P&S - what do you recommend?

Hello,

I just got my BeLOMO Agat 18K from Mr. Jon Goodman. It's really cute! It's an FSU half-frame camera that's smaller than most digital or film point and shoots, has scale focus, parallax compensated framelines, and allows you to set aperture/shutter combinations.

There are all sorts of little bits about this camera that are amazing: A hotshoe, a hidden tripod mount / lens cap cum wrist strap attachment, a silvered viewfinder that lets you use it as a mirror for arms-length self-portraits. Ingenius.

I just put in a roll of HP5 which I'm rating at 1600. Pictures are on the way.


Clarence
 
I've been using a Nikon Zoom Touch 800, aka Nikon World Date, aka Nikon TW Zoom 38-105. It's a large P&S 35mm Nikon with wide area and spot auto focusing, a terrific 38-105mm motorized Zoom, a built in flash that is really only good out to 12 feet with 400 film but is an excellent daylight fill flash. It even has a scale focusing feature which allows you to preset the focus by feet or meters on an LCD screen and move forward or backward to that distance. Or, it will tell you the distance on the screen to which the auto focus is set, basically making it a digital read-out rangefinder. It was only $10 US and came with a brand new battery that costs $11.

The biggest drawback is that the highest shutter speed appears to be 1/300 of a sec.
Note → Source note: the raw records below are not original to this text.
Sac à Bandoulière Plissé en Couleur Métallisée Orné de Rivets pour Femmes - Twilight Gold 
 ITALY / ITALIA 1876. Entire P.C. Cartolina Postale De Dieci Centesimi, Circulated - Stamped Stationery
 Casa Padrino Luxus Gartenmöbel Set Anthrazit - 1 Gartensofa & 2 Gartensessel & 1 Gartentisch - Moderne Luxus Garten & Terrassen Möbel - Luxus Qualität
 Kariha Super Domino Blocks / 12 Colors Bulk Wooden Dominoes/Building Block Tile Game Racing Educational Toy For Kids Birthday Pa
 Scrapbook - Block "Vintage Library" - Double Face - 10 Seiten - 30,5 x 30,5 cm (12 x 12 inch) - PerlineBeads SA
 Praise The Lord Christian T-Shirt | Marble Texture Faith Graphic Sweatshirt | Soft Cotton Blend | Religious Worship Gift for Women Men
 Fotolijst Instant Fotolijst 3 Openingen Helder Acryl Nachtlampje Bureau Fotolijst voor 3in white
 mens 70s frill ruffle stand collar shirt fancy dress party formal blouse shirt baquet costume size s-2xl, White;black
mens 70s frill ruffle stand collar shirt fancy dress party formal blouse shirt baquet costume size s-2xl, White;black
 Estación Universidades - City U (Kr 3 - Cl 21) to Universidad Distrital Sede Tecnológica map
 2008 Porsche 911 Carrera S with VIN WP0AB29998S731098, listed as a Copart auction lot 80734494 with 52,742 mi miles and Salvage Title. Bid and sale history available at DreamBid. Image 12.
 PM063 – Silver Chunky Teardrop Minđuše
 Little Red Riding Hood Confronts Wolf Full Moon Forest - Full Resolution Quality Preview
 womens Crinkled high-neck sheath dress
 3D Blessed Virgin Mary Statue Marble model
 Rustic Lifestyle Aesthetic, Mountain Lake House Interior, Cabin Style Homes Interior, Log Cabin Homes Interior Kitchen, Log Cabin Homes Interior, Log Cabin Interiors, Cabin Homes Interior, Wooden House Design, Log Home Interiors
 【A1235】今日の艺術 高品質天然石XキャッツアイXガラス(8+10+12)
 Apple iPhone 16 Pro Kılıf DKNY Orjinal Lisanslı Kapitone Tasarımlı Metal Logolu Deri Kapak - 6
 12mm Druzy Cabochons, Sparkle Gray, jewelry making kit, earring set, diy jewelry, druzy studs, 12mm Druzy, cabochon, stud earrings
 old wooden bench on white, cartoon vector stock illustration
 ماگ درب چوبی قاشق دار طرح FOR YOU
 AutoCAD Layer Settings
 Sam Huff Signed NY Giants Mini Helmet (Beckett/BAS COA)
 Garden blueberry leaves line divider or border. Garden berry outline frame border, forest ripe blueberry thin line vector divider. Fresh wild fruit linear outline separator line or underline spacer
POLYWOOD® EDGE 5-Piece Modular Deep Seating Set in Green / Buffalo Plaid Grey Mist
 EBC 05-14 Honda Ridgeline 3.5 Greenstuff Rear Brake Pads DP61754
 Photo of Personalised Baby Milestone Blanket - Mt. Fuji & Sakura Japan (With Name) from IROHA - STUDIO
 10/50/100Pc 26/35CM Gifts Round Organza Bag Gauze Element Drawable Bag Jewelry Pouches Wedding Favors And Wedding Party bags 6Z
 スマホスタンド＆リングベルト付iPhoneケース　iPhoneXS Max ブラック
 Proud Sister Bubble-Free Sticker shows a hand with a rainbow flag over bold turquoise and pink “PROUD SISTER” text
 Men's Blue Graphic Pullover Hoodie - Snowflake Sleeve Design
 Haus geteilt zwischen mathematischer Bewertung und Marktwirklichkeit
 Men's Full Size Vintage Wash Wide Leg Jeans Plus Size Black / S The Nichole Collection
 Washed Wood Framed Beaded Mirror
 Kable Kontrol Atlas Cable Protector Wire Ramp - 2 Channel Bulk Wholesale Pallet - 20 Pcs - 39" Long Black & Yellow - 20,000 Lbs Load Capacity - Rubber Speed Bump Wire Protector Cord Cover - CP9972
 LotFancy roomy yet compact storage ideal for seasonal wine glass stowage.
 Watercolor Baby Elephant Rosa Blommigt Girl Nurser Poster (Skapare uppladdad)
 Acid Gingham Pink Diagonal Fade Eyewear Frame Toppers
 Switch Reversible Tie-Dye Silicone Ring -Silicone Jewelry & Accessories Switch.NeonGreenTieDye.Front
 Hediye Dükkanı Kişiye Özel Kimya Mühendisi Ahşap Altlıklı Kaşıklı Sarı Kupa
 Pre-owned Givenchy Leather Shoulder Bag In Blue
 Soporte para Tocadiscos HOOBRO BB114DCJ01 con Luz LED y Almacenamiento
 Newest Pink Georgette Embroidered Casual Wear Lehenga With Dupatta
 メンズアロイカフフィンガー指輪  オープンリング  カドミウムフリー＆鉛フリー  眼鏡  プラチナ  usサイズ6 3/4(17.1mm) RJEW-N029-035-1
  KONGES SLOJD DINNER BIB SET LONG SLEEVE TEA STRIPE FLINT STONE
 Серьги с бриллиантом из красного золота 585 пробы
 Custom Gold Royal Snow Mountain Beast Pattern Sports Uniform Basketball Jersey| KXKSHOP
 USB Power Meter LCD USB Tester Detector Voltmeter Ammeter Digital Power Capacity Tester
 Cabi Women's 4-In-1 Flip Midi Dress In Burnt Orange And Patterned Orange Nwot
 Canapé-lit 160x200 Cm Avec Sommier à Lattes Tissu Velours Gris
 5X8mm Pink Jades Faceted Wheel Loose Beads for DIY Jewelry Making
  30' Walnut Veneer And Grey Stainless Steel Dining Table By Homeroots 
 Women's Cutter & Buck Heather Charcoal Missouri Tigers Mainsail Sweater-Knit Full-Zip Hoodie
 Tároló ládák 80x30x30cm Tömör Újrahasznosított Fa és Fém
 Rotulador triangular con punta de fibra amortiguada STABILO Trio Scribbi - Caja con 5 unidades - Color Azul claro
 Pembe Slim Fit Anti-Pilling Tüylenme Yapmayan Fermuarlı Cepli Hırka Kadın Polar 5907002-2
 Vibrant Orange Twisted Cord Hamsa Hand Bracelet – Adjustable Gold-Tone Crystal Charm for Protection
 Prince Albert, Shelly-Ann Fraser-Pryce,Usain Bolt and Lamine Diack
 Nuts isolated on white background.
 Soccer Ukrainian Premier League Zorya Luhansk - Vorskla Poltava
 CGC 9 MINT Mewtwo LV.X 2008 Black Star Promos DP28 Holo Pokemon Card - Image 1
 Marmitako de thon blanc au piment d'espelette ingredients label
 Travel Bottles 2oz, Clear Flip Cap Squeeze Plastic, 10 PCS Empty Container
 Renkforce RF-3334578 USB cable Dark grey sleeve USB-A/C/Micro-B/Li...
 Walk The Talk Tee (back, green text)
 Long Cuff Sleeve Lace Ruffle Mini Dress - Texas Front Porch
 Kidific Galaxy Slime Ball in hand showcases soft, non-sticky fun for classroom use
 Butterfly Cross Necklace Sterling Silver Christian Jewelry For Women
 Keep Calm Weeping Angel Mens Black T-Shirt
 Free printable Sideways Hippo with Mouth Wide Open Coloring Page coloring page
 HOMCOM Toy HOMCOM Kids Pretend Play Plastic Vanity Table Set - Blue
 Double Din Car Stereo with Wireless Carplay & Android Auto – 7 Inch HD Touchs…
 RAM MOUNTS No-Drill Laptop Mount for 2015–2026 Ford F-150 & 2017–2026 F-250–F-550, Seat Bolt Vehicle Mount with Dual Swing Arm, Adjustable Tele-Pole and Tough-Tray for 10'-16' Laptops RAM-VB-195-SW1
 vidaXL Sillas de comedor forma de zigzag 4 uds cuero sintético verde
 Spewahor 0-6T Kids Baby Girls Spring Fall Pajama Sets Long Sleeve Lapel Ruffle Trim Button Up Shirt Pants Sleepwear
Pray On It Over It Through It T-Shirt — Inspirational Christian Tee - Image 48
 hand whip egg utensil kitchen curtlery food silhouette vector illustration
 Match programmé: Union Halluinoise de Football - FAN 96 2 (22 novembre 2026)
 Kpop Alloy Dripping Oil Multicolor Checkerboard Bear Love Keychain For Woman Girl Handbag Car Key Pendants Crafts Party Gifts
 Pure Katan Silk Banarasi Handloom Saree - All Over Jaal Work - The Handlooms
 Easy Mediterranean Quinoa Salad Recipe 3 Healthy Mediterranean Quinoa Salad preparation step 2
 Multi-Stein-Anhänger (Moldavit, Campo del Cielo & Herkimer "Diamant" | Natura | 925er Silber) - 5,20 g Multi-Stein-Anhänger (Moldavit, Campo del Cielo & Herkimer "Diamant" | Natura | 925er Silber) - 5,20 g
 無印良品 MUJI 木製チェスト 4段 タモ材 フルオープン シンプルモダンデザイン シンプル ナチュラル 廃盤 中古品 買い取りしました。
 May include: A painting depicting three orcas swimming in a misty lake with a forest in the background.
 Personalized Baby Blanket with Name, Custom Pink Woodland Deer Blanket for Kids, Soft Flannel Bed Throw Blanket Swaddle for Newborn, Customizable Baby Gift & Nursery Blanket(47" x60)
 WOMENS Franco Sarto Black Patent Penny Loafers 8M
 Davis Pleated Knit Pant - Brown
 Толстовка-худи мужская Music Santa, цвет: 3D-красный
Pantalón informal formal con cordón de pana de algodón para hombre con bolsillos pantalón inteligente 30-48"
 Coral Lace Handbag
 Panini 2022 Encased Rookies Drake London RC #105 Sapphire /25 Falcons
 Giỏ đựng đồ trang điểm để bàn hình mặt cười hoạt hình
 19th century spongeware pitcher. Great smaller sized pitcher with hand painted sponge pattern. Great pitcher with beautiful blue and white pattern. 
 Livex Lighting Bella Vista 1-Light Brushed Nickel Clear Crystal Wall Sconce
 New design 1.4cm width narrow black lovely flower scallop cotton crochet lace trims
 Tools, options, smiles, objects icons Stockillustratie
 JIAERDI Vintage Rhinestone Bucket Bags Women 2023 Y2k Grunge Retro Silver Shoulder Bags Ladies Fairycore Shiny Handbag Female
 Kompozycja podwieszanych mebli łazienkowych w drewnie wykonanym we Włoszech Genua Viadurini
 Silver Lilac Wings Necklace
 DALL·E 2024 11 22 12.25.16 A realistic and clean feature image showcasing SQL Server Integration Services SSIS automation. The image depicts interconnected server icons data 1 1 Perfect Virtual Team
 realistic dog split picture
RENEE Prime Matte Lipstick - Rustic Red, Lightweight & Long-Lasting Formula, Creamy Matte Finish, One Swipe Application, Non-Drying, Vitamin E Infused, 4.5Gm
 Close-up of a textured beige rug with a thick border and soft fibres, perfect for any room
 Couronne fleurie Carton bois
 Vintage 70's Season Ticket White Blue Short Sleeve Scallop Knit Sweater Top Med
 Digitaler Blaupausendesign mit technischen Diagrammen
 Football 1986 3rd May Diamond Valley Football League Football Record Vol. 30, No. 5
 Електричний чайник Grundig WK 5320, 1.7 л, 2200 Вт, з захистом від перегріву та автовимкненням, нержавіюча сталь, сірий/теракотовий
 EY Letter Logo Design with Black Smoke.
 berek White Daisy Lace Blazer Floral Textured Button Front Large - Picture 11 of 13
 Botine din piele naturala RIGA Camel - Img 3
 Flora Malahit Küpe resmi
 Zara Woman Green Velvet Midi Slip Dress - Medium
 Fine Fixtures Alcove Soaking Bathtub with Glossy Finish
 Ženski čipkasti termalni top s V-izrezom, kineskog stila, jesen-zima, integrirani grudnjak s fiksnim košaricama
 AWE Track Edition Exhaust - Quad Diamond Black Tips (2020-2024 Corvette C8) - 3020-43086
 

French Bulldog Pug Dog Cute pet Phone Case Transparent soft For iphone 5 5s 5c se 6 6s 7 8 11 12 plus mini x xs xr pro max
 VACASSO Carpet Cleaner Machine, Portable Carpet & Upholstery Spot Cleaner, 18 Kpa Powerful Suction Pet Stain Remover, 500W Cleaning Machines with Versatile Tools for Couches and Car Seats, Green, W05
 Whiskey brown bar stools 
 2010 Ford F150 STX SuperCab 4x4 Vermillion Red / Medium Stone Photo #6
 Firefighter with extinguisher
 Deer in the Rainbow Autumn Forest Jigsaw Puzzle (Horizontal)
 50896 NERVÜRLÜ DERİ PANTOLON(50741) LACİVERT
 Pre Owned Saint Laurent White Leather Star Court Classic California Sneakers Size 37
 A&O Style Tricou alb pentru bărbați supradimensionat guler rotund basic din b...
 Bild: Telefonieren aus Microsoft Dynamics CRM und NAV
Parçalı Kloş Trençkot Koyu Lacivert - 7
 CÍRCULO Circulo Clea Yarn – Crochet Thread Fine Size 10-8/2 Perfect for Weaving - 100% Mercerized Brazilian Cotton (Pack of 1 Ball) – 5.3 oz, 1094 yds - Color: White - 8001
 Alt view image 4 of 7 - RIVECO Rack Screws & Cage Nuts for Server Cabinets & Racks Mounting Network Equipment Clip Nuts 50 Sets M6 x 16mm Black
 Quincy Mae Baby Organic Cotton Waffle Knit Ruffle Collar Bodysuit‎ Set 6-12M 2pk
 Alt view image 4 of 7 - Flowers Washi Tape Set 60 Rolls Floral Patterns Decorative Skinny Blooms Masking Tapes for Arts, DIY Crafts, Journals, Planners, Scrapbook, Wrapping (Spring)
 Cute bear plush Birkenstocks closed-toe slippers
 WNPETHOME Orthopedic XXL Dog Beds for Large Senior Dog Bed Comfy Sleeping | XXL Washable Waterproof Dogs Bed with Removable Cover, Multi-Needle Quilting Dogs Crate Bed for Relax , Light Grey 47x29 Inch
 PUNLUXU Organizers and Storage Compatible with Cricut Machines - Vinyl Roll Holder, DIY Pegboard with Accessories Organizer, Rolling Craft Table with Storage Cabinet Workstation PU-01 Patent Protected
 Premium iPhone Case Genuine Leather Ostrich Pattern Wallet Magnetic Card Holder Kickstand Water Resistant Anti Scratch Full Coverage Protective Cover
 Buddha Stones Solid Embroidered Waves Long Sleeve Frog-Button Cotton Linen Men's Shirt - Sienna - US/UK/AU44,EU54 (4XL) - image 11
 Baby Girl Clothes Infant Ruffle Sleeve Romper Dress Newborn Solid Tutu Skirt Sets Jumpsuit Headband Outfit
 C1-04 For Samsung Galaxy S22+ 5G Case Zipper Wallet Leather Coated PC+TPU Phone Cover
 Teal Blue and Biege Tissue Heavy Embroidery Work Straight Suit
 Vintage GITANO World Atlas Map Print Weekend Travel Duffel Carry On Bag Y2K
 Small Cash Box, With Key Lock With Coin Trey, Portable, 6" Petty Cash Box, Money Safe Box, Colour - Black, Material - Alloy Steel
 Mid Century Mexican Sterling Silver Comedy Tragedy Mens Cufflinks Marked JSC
Hence I never shoot film slower than iso 200 and I try to stick to 400 or 800 to keep the shutter speed high. Otherwise camera movement can be a problem even in daylight.

-Paul
 
It just occurs to me that a Bessa L with the 12,15, or 25 cv lenses is pretty much a "Point and Shoot" except you must manually advance the film, rather than having a little motor do it for you.
 
iggers said:
Olympus Stylus Epic question:

I know this is veering OT, but since so many people have recommended the Epic, I thought I might as well ask about its spot metering function. The buttons are fiddly and I haven't used the spot feature consistently. Occasionally I've turned it on and pre-focused on the grass in a backlit scene. But I wonder: Isn't it almost as useful to pre-focus in the same way without turning on the spot feature? Could someone make it simple for this simpleton: In what sort of scene is the spot feature really useful, and how do you use it?
I use the spot metering if I'm taking a picture of a person, if the object I'm taking a picture of is roughly 18% gray, or if I want to make sure that the subject lands somewhere in the midtones. That way, I know the camera is both focusing on the person and I'm getting a rough mid-tone off the person's face (as if I was metering off the palm of my hand). It's worked out pretty well so far.